Requirement: The entries below hold a line with "Flowy Pleat Front Curved Hem Tank - Pink" and a line with "Stornfield | MK321BT". Return those lines and all that lie between them, exactly and only.

Task data:

BEGIN

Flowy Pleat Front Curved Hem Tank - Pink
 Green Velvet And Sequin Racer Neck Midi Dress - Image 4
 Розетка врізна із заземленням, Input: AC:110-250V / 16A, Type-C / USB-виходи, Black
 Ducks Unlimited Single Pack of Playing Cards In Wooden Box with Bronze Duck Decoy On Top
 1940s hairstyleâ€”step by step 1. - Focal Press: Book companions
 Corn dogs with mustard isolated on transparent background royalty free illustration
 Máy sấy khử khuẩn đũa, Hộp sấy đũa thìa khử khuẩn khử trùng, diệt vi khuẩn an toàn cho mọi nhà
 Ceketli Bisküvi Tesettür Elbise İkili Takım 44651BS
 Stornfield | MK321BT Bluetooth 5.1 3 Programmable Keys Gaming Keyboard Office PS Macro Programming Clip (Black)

END
BEGIN

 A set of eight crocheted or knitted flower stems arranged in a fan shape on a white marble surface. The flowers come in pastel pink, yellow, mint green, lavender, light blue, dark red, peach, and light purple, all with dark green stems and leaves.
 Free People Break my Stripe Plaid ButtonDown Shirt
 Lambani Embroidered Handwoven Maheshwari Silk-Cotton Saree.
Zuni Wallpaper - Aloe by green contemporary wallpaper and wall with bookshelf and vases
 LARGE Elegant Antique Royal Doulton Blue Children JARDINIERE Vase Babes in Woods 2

END
BEGIN

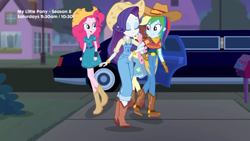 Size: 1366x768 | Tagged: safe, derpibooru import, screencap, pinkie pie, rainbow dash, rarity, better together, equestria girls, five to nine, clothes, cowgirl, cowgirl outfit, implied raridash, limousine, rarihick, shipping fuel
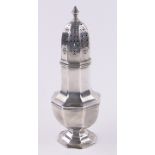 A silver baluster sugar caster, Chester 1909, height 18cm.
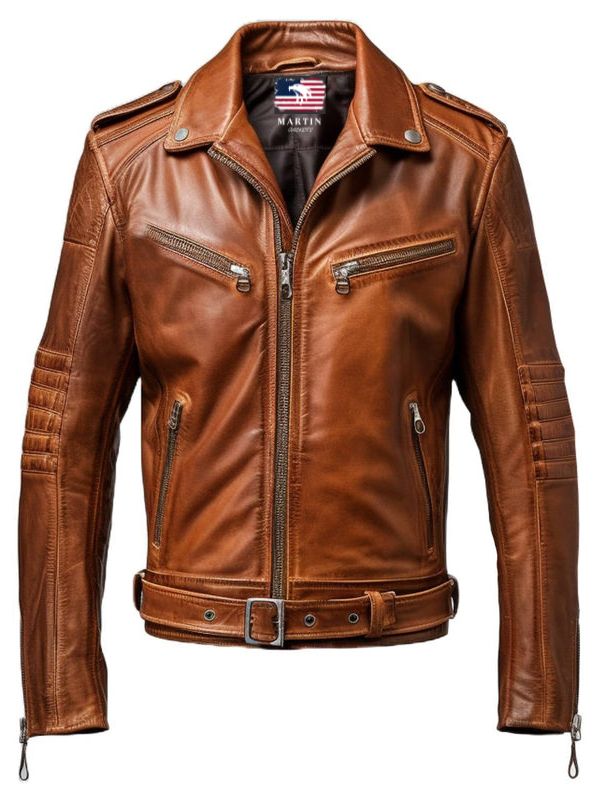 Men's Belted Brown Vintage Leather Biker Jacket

END

Task solution:
Flowy Pleat Front Curved Hem Tank - Pink
 Green Velvet And Sequin Racer Neck Midi Dress - Image 4
 Розетка врізна із заземленням, Input: AC:110-250V / 16A, Type-C / USB-виходи, Black
 Ducks Unlimited Single Pack of Playing Cards In Wooden Box with Bronze Duck Decoy On Top
 1940s hairstyleâ€”step by step 1. - Focal Press: Book companions
 Corn dogs with mustard isolated on transparent background royalty free illustration
 Máy sấy khử khuẩn đũa, Hộp sấy đũa thìa khử khuẩn khử trùng, diệt vi khuẩn an toàn cho mọi nhà
 Ceketli Bisküvi Tesettür Elbise İkili Takım 44651BS
 Stornfield | MK321BT Bluetooth 5.1 3 Programmable Keys Gaming Keyboard Office PS Macro Programming Clip (Black)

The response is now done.